### ASSIGNMENT:
Using the listing below, please print exactly the lines from the one with "Why Sod Delivery" through the one with "Premium Modern Tasarım". Leave out every picture.
+++ MATERIAL FOR THIS TASK +++
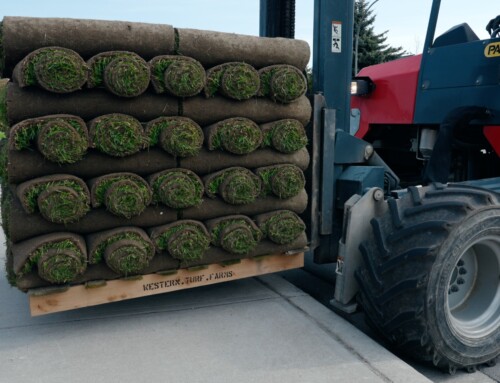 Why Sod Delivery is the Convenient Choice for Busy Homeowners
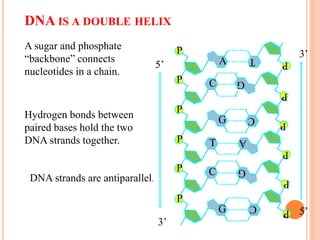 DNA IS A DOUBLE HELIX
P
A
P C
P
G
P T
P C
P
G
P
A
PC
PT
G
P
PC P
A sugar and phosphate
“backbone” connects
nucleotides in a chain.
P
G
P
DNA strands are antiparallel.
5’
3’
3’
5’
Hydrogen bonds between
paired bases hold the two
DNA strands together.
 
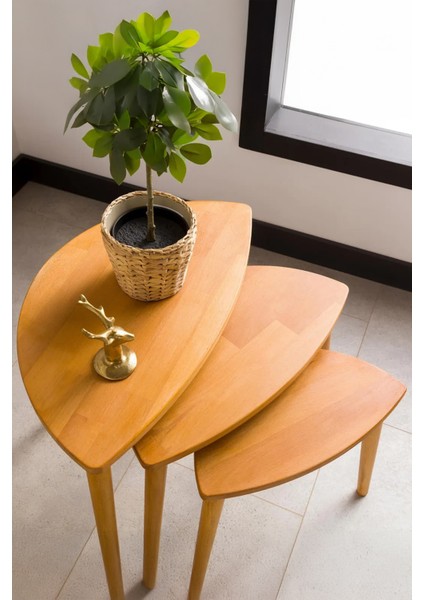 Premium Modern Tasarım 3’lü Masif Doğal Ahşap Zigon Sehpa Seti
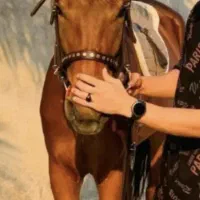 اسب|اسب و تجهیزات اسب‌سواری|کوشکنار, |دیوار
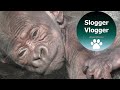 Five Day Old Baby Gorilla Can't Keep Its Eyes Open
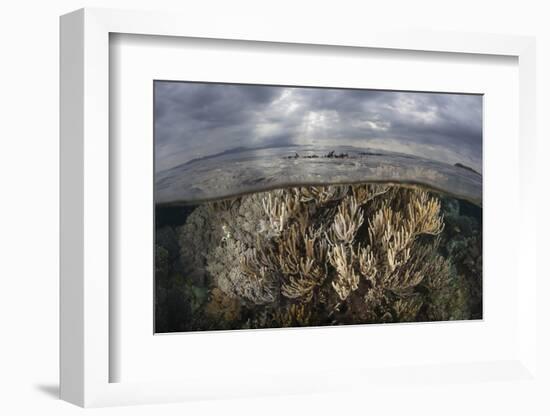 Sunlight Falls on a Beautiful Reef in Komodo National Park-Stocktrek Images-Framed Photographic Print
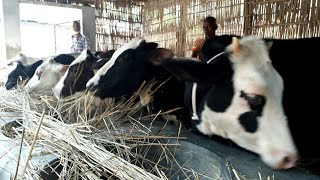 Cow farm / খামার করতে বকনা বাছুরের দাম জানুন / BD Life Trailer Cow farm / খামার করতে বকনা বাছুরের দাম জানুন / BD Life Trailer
+++
+++ MATERIAL FOR THIS TASK +++
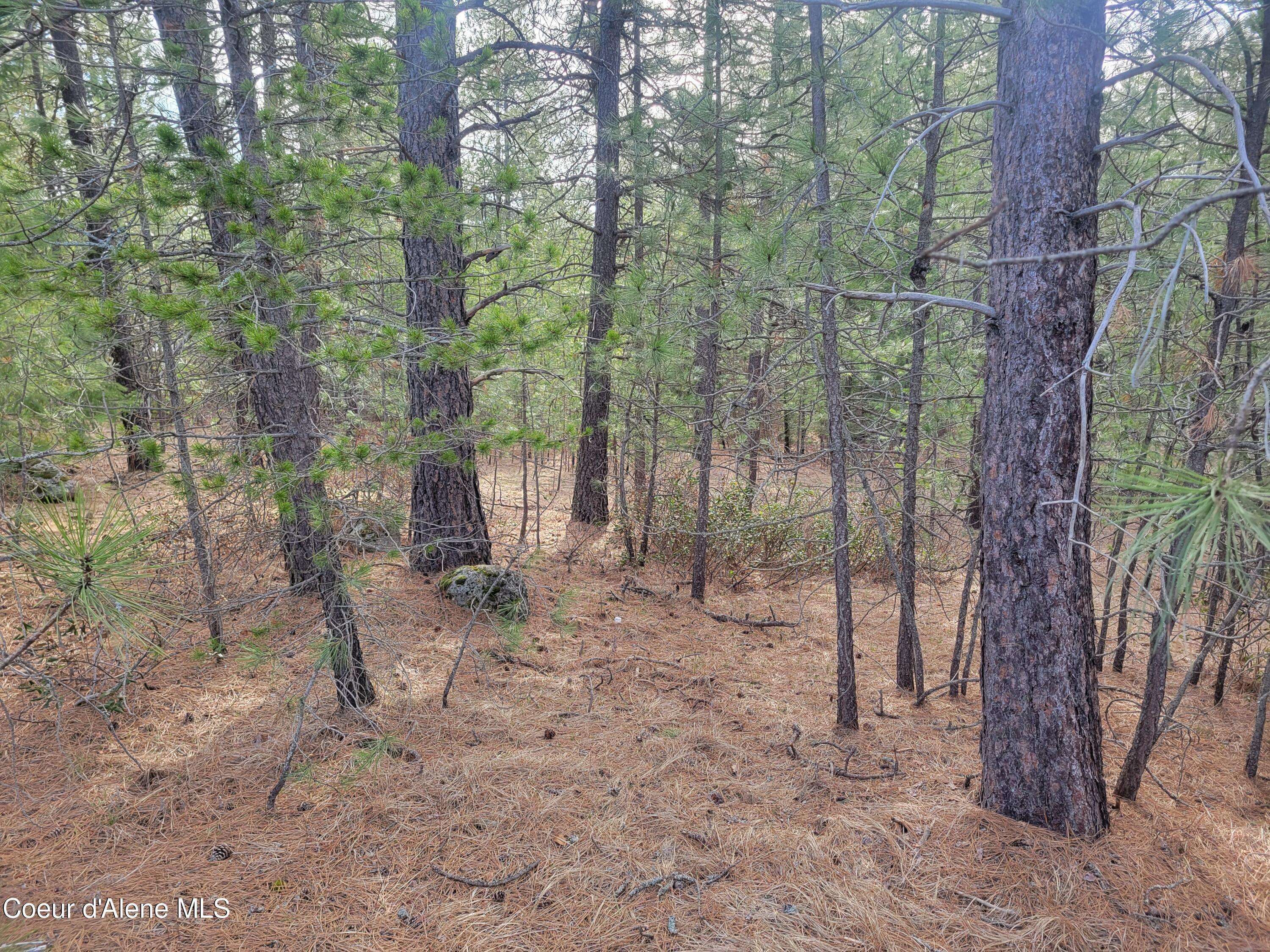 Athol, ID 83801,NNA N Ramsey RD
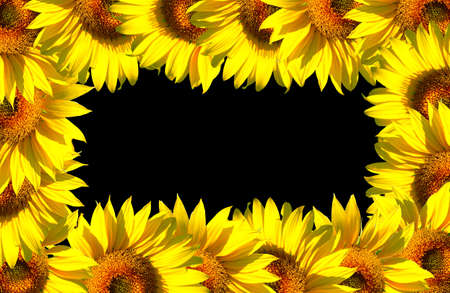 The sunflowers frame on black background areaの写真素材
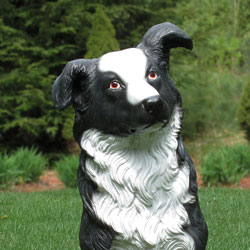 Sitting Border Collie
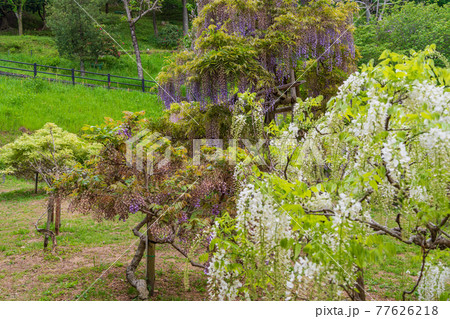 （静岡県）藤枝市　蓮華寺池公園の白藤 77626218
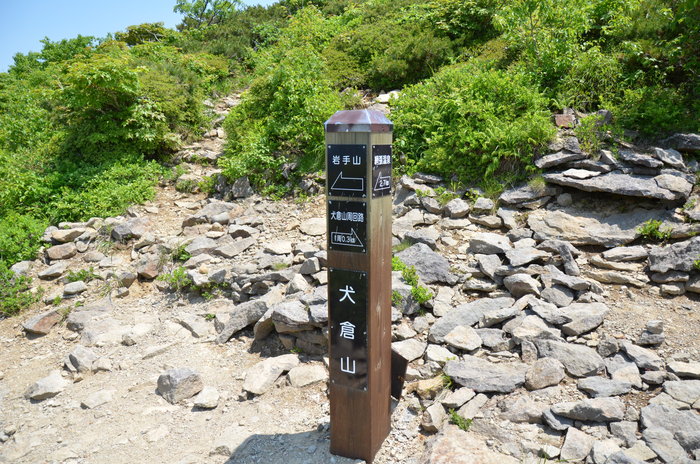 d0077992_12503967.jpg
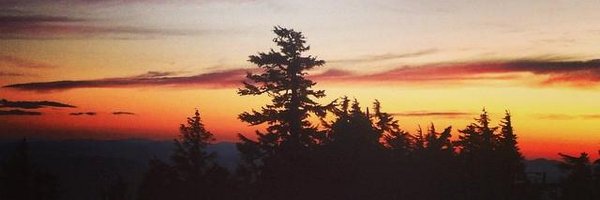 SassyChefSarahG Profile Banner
+++
+++ MATERIAL FOR THIS TASK +++
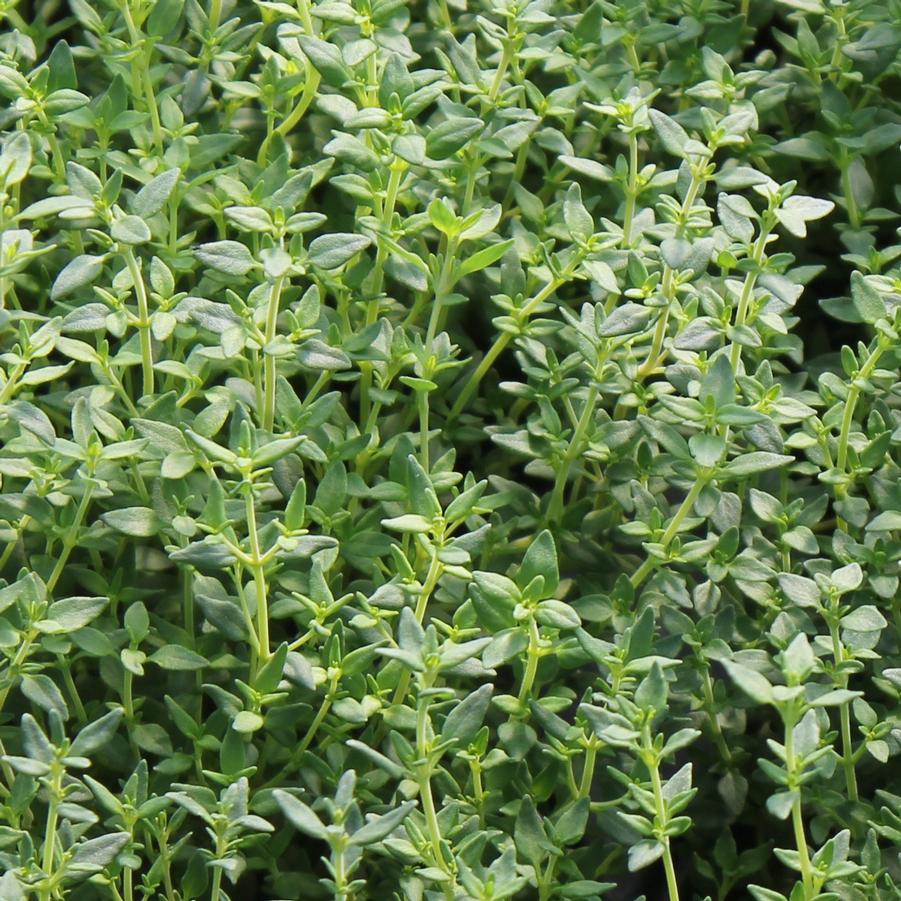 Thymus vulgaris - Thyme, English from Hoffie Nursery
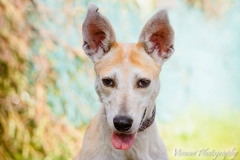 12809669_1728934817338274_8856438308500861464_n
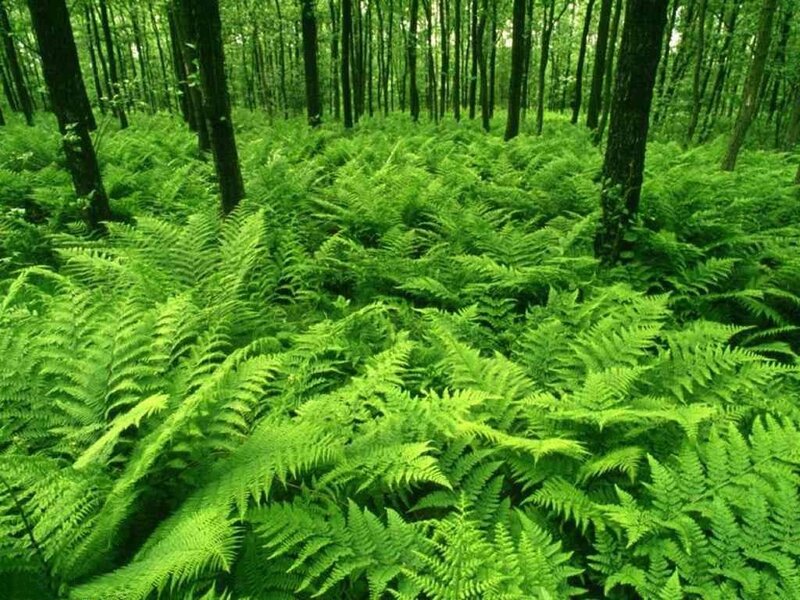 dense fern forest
+++
### RESULT OF THE EXERCISE:
 Why Sod Delivery is the Convenient Choice for Busy Homeowners
 DNA IS A DOUBLE HELIX
P
A
P C
P
G
P T
P C
P
G
P
A
PC
PT
G
P
PC P
A sugar and phosphate
“backbone” connects
nucleotides in a chain.
P
G
P
DNA strands are antiparallel.
5’
3’
3’
5’
Hydrogen bonds between
paired bases hold the two
DNA strands together.
 
 Premium Modern Tasarım 3’lü Masif Doğal Ahşap Zigon Sehpa Seti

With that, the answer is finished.